Plastic may soon trump coal as climate killer in US: study

By Sharon Udasin | October 21, 2021 | The Hill

The U.S. plastics industry’s contribution to climate change is on course to surpass that of coal-fired power plants by 2030, a new study has found.

Plastics are responsible for generating at least 232 million tons of carbon-based emissions per year — an amount equivalent to the average emissions from 116 average-sized coal-fired facilities, according to the report, published by Bennington College’s Beyond Plastics initiative.

In 2020, the plastic industry’s reported emissions rose by 10 million tons over 2019, the authors found.
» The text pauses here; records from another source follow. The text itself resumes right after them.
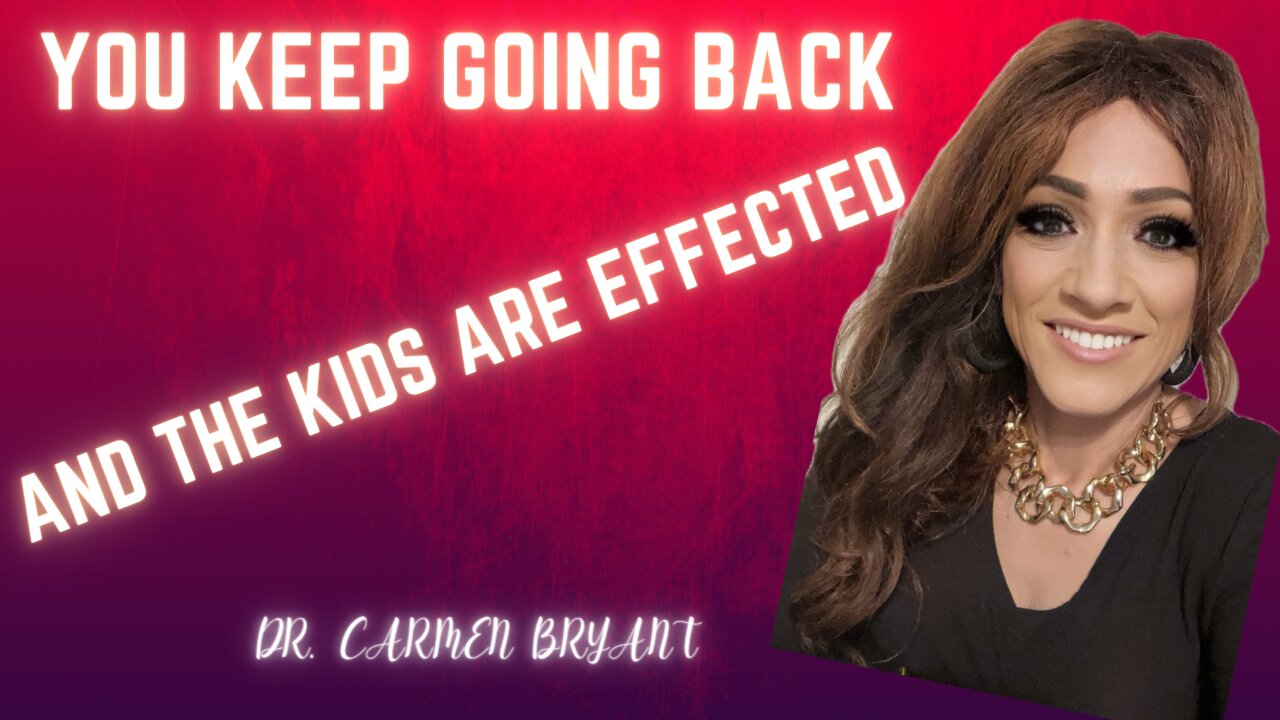 You keep going back and the kids are effected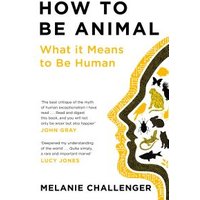 How to Be Animal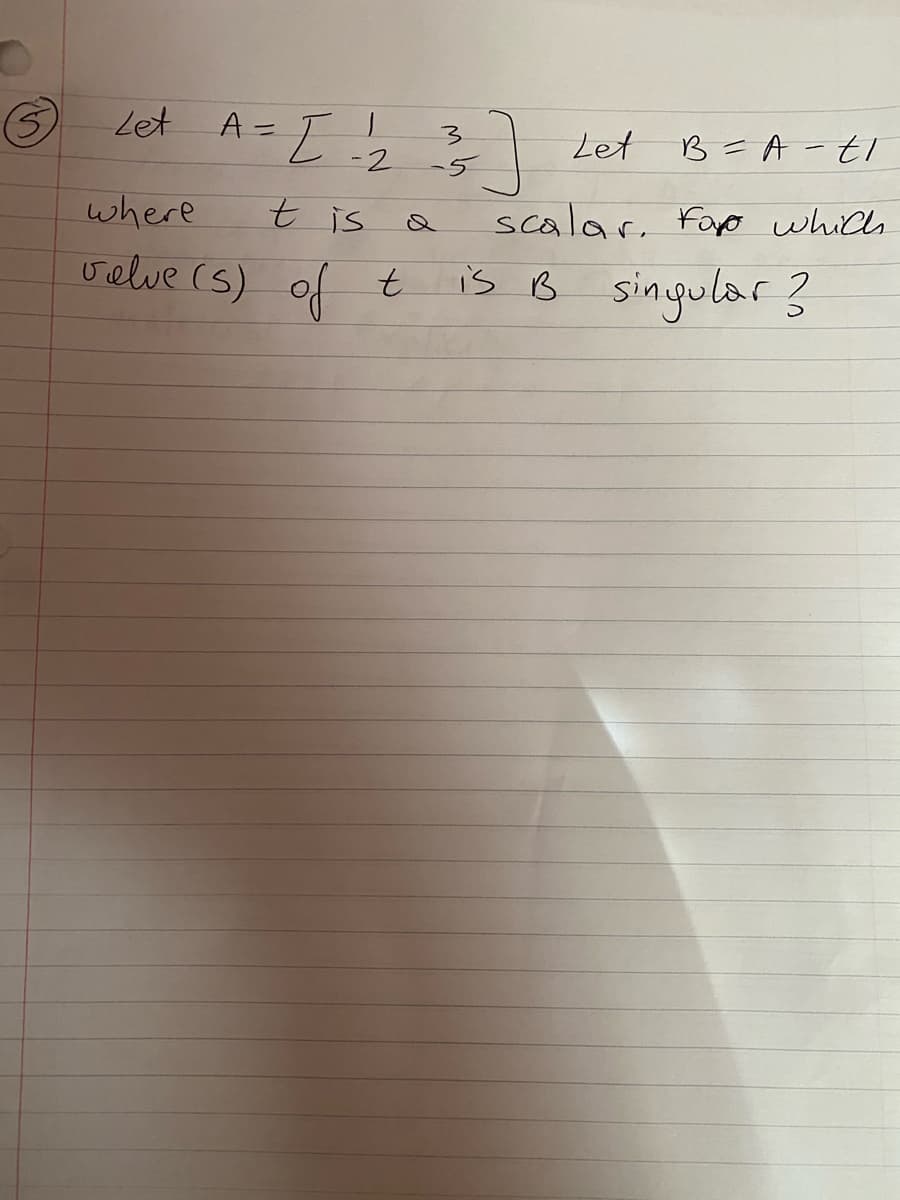 Let
3.
Let
B=A-tI
where
t is
scalar, Fao which
velve (s) of t
is B
singular ?
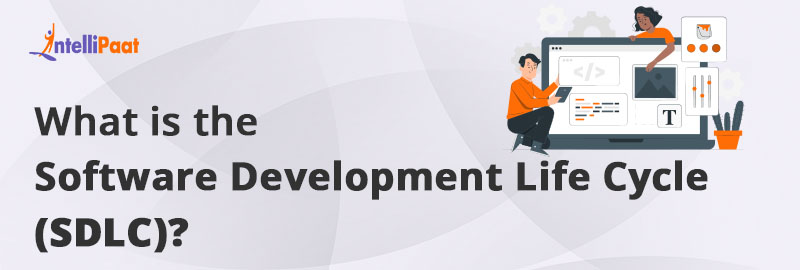 What is the Software Development Life Cycle (SDLC)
Meanwhile, construction is underway on another 12 facilities and 15 are in planning stages — meaning that altogether, the new sites could emit more than 40 million additional tons of greenhouse gases annually by 2025, according to the study. 

“The fossil fuel industry is losing money from its traditional markets of power generation and transportation,” Judith Enck, former Environmental Protection Agency regional administrator and president of Beyond Plastics, said in a statement.

“They are building new plastics facilities at a staggering clip so they can dump their petrochemicals into plastics,” she added. “This petrochemical buildout is cancelling out other global efforts to slow climate change.”

Praising the recent closure of 65 percent of the nation’s coal-fired power plants, the authors stressed that the increase in plastics production is outweighing those gains.

Although the U.S. plastics industry reported releasing 114 million tons of greenhouse gases in 2020, an analysis by the Maine-based firm Material Research identified “a severe undercounting of plastics’ climate impacts,” said a news release from Beyond Plastics.

That analysis examined data from federal agencies, including the EPA, the Department of Commerce and the Department of Energy, and identified an additional 118 million tons of greenhouse gas emissions generated from other stages of plastics production — the equivalent of another 59 average-sized coal-fired power plants, the report said.

“This report represents the floor, not the ceiling, of the U.S. plastics industry’s climate impact,” Jim Vallette, president of Material Research and the report’s author, said in a statement. 

Federal agency calculations, Vallette explained, do not yet count releases in their entirety because regulations do not require the industry to report them. For example, no agency follows how much greenhouse gases are released when plastic waste is burned or when fracked gas is exported across the world to manufacture single-use plastics.